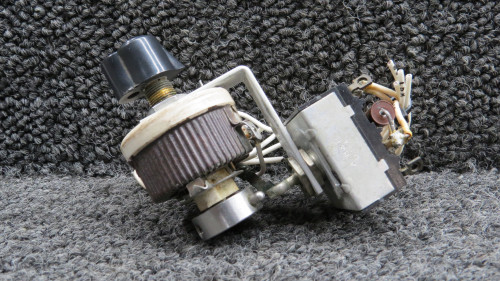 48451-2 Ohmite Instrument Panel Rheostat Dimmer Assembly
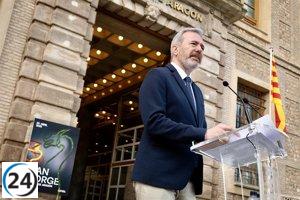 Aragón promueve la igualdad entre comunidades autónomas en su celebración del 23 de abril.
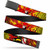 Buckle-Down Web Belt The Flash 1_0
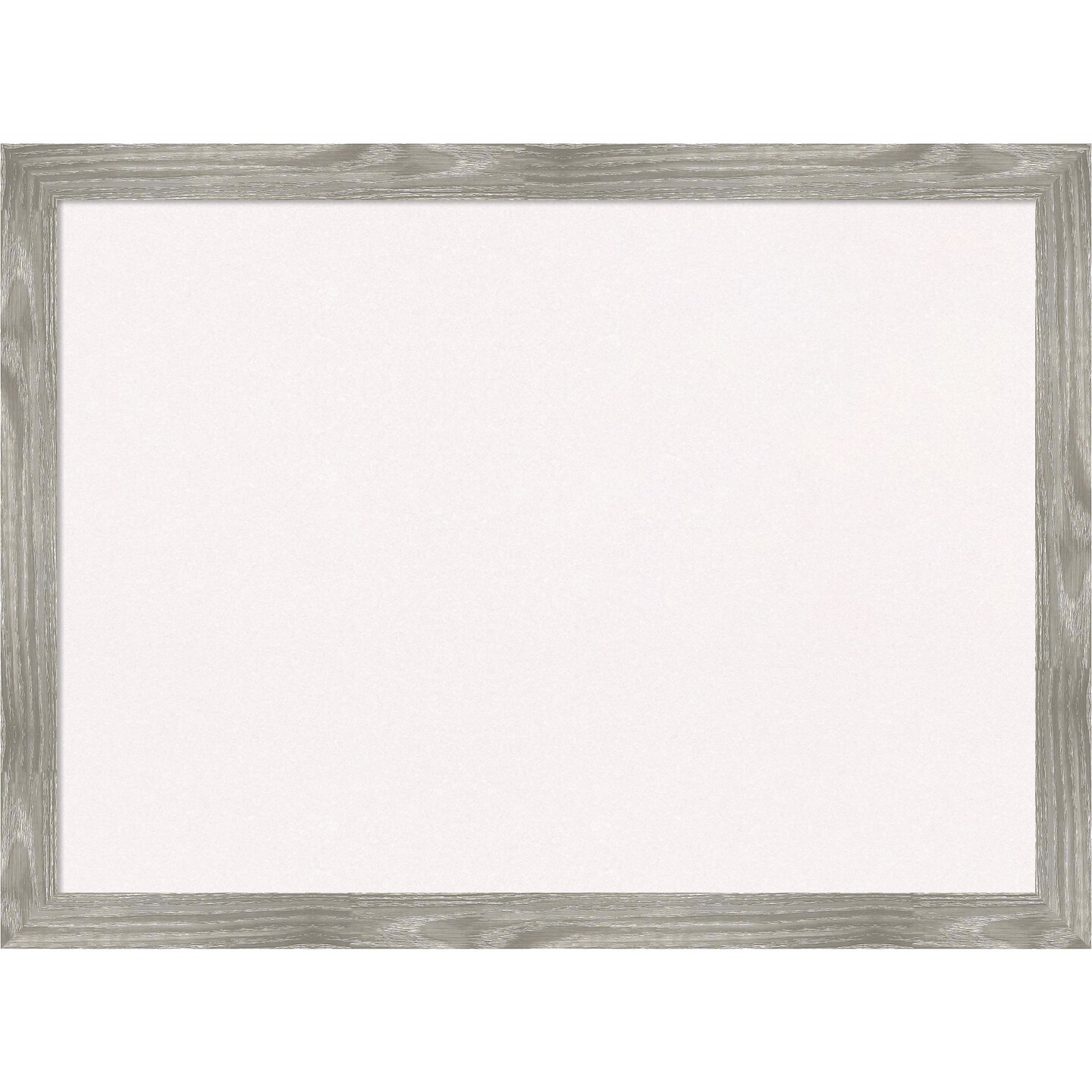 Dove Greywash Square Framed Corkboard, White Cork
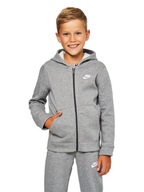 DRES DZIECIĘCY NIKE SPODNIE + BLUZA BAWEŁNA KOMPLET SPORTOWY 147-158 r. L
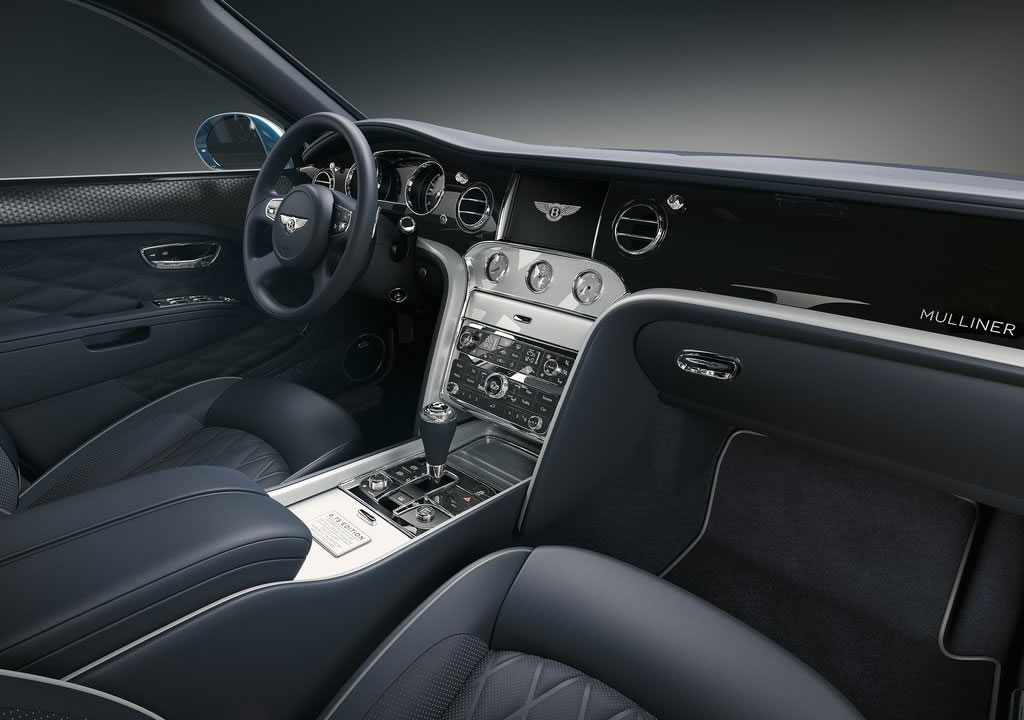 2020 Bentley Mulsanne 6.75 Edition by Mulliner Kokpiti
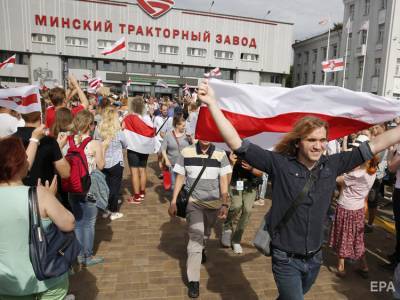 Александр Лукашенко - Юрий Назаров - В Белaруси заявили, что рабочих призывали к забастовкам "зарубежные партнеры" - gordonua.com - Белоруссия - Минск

============================================================

PROBLEM DETAILS: Give the material again exactly as it is, but keep the pictures out.

PROBLEM SOLUTION:
 48451-2 Ohmite Instrument Panel Rheostat Dimmer Assembly
 Aragón promueve la igualdad entre comunidades autónomas en su celebración del 23 de abril.
 Buckle-Down Web Belt The Flash 1_0
 Dove Greywash Square Framed Corkboard, White Cork
 DRES DZIECIĘCY NIKE SPODNIE + BLUZA BAWEŁNA KOMPLET SPORTOWY 147-158 r. L
 2020 Bentley Mulsanne 6.75 Edition by Mulliner Kokpiti
 Александр Лукашенко - Юрий Назаров - В Белaруси заявили, что рабочих призывали к забастовкам "зарубежные партнеры" - gordonua.com - Белоруссия - Минск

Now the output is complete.